Being Mortal by Atul Gawande

It’s not a fun or popular subject—how to approach one’s end of life, but Atul Gawande a practicing surgeon and writer tackles it head-on in this must read book. He shows how scientific advances have profoundly altered our human existence for which we are mighty happy about because we live longer and healthier lives than ever before.  

But he turns the table on these same scientific advances that “have turned the processes of dying and aging into medical experiences, matters to be managed by health care professionals.  And we in the medical world have proved alarmingly unprepared for it,” he writes.  His book has added meaning as he weaves the story of his own father, a successful urologist, and his difficult journey dealing with a dangerous spinal cord tumor.  

He has some tough questions to answer when facing the last phases of life:  What is most important to you right now?  How do you want to live when you need assistance?  How can we make lives meaningful even when we may be weak and frail? When is doing everything medically possible doing more harm than good? 

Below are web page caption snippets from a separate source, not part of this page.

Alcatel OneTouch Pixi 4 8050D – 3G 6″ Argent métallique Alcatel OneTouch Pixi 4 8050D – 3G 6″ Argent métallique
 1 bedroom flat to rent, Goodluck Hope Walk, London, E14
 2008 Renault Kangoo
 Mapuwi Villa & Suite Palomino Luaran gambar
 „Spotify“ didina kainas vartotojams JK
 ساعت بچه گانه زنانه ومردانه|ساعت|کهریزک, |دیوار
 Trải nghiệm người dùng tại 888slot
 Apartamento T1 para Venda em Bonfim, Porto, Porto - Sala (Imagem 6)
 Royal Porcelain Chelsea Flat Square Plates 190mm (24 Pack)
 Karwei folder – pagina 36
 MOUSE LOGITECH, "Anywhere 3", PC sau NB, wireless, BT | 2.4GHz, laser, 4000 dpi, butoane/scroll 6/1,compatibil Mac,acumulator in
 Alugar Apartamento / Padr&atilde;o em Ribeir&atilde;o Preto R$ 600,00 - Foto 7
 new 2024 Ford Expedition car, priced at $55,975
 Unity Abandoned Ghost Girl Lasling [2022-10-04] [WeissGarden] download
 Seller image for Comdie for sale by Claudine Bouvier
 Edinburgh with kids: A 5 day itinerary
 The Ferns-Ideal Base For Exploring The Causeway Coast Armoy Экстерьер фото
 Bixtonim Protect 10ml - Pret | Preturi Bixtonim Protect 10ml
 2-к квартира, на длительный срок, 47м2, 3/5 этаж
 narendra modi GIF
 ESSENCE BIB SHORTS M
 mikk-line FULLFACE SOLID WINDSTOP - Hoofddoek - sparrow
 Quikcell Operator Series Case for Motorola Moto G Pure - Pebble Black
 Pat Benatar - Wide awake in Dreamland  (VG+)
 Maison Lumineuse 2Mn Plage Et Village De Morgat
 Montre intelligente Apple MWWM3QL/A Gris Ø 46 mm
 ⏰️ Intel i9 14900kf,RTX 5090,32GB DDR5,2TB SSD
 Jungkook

He explores the history of nursing homes, assisted living, geriatrics, hospice and palliative care.  He offers new ways of thinking about how we might solve the problem of how to provide safety while helping one maintain some measure of autonomy.  He emphasizes that any patient with a serious illness has “priorities (avoiding suffering, strengthening relationships, being mentally aware, not being a burden on others, achieving a sense that life is complete) besides simply prolonging their lives.” Modern medicine has failed to meet these needs he says. Life is not curable and when time is short, answering the question of what is most important should be paramount.  In the book, he argues that more time and effort should be spent on the end of life phase in order to make life more meaningful.     

Word for the day: Palliative 

pal·li·a·tive
[ˈpalēˌādiv, ˈpalēədiv]
ADJECTIVE

  1. (of a medicine or medical care) relieving pain without dealing with the cause of the condition. synonyms:  soothing, alleviating, sedative, calmative  

“She opted for palliative care when her brain tumor was inoperable.”